# Bakelite---times 2



## Gary Max (Apr 7, 2013)

Someone asked if I still turned pens. Here is a pair of 1950's Bakelite pens --- fresh off the lathe--- this color of material is called Apple Juice

[attachment=22583]


----------



## ssgmeader (Apr 7, 2013)

Gary Max said:


> Someone asked if I still turned pens. Here is a pair of 1950's Bakelite pens --- fresh off the lathe--- this color of material is called Apple Juice



Nice is bakelite still readily available? Or do you repurpose it off of other vintage items?


----------



## Gary Max (Apr 7, 2013)

Depends on who you ask------- :)
There are a few places around the world that are making a knock-off bakelite.
The material I use is old jewelry stock or repurposed items.
These two pens where from a old knife and fork meat carving set.


----------



## ssgmeader (Apr 7, 2013)

Gary Max said:


> Depends on who you ask------- :)
> There are a few places around the world that are making a knock-off bakelite.
> The material I use is old jewelry stock or repurposed items.
> These two pens where from a old knife and fork meat carving set.



Very cool. My wife watches Market Warriors on PBS so that's where I learned a little bit about Bakelite. Whats it like to turn? Old jewelry stock huh? Like blanks that never made it to processing, that must be tough to find.


----------



## Gary Max (Apr 7, 2013)

I started with enough material to make 4 of these pens------ one blew up the other cracked. Old stock Bakelite can be a PITA to work with.

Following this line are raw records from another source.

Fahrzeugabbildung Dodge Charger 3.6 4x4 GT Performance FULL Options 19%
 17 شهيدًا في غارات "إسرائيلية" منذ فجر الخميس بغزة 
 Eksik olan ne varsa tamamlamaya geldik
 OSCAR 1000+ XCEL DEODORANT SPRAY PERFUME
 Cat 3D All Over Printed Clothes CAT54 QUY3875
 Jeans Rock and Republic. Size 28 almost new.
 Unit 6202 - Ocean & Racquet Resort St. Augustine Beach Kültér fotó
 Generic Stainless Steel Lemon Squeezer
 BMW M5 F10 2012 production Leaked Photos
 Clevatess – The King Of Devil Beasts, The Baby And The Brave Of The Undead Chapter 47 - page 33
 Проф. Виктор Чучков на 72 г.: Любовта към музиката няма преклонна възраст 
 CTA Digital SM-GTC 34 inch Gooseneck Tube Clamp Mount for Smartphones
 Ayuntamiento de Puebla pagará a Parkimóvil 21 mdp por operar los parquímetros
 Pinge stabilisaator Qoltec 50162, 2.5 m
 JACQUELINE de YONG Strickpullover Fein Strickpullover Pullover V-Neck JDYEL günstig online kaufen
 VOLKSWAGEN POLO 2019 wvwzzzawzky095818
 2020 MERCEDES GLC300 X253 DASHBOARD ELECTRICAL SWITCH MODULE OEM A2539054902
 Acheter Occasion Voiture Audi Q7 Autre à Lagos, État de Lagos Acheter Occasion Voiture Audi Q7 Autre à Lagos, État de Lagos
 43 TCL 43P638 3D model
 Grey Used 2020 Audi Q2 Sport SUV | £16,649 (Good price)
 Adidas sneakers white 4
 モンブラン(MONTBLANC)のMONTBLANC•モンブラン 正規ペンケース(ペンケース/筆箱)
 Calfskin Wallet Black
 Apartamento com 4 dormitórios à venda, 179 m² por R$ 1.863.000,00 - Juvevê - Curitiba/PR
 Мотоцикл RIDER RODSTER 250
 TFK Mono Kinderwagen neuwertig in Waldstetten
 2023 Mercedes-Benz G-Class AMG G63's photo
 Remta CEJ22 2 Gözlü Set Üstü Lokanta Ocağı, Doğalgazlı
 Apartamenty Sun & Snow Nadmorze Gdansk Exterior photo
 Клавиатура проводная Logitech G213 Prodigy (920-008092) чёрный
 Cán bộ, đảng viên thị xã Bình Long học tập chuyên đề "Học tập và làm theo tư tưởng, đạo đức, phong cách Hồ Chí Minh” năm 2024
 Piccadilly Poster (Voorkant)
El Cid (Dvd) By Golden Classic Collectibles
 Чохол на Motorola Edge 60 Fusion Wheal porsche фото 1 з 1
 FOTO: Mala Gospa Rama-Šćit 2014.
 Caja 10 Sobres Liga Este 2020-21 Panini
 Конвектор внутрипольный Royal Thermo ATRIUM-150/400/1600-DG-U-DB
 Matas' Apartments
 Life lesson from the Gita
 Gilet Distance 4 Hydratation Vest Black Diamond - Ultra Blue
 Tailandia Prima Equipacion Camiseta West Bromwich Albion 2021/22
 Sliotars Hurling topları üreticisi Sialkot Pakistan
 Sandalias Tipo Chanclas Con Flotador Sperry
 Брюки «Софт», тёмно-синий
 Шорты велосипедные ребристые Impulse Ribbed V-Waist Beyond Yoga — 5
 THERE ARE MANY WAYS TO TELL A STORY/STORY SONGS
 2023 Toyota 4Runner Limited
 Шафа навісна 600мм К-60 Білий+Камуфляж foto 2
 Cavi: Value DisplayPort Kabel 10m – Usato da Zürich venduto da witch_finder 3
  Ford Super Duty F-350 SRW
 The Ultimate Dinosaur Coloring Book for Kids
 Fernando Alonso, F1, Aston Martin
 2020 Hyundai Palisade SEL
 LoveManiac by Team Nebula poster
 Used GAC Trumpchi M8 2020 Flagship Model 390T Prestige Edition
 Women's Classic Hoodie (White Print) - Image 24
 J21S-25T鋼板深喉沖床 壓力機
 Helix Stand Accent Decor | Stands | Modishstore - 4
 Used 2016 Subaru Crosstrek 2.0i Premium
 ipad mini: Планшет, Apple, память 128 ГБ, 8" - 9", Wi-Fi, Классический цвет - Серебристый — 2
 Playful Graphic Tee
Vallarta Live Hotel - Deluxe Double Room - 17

Here's a couple pieces of old jewlery stock----- if I remember right the blue was $26.00 a stick and will make a slim-line pen


----------



## ssgmeader (Apr 7, 2013)

Gary Max said:


> I started with enough material to make 4 of these pens------ one blew up the other cracked. Old stock Bakelite can be a PITA to work with.
> 
> Here's a couple pieces of old jewlery stock----- if I remember right the blue was $26.00 a stick and will make a slim-line pen



Wow that's crazy, talk about a pricey blank.


----------



## rdabpenman (Apr 7, 2013)

Nice coloring in that plastic!
Well done.

Les


----------



## Jdaschel (Apr 7, 2013)

Gary Max said:


> I started with enough material to make 4 of these pens------ one blew up the other cracked. Old stock Bakelite can be a PITA to work with.
> 
> Here's a couple pieces of old jewlery stock----- if I remember right the blue was $26.00 a stick and will make a slim-line pen



Bakelite is very cool. but you can get much cooler plastics for pen making and they are easier to turn for a lot less money and pain. I turned one bakelite pen and had no problems with it. But I would not recommend for people that do not have a lot of acrylic pen turning under their belt.


----------



## ssgmeader (Apr 7, 2013)

Jdaschel said:


> Gary Max said:
> 
> 
> > I started with enough material to make 4 of these pens------ one blew up the other cracked. Old stock Bakelite can be a PITA to work with.
> ...



I think though JD that's the point of Bakelite as a material. It's valued and collectable as a stand alone material, and since to my knowledge it isn't made anymore. It's "vintage" status and scarcity is what gives it value. Yes there's all sorts of neat and new acrylics that turn easier. But people that collect Bakelite for just being Bakelite don't care about that, and believe me there is a large consumer base of collectors that are simply into Bakelite. Here's another way of looking at it, sure I can go buy a new jacket with all space age man made synthetic keep you super warm construction, but some people would prefer a WWII leather bomber jacket, why because it's got character, scarcity, a bit of history and nostalgia.


----------



## Jdaschel (Apr 8, 2013)

ssgmeader said:


> Jdaschel said:
> 
> 
> > Gary Max said:
> ...



yea, woops I forgot to put that into my comment. It is because of the "rare"
factor that people want it so much.


----------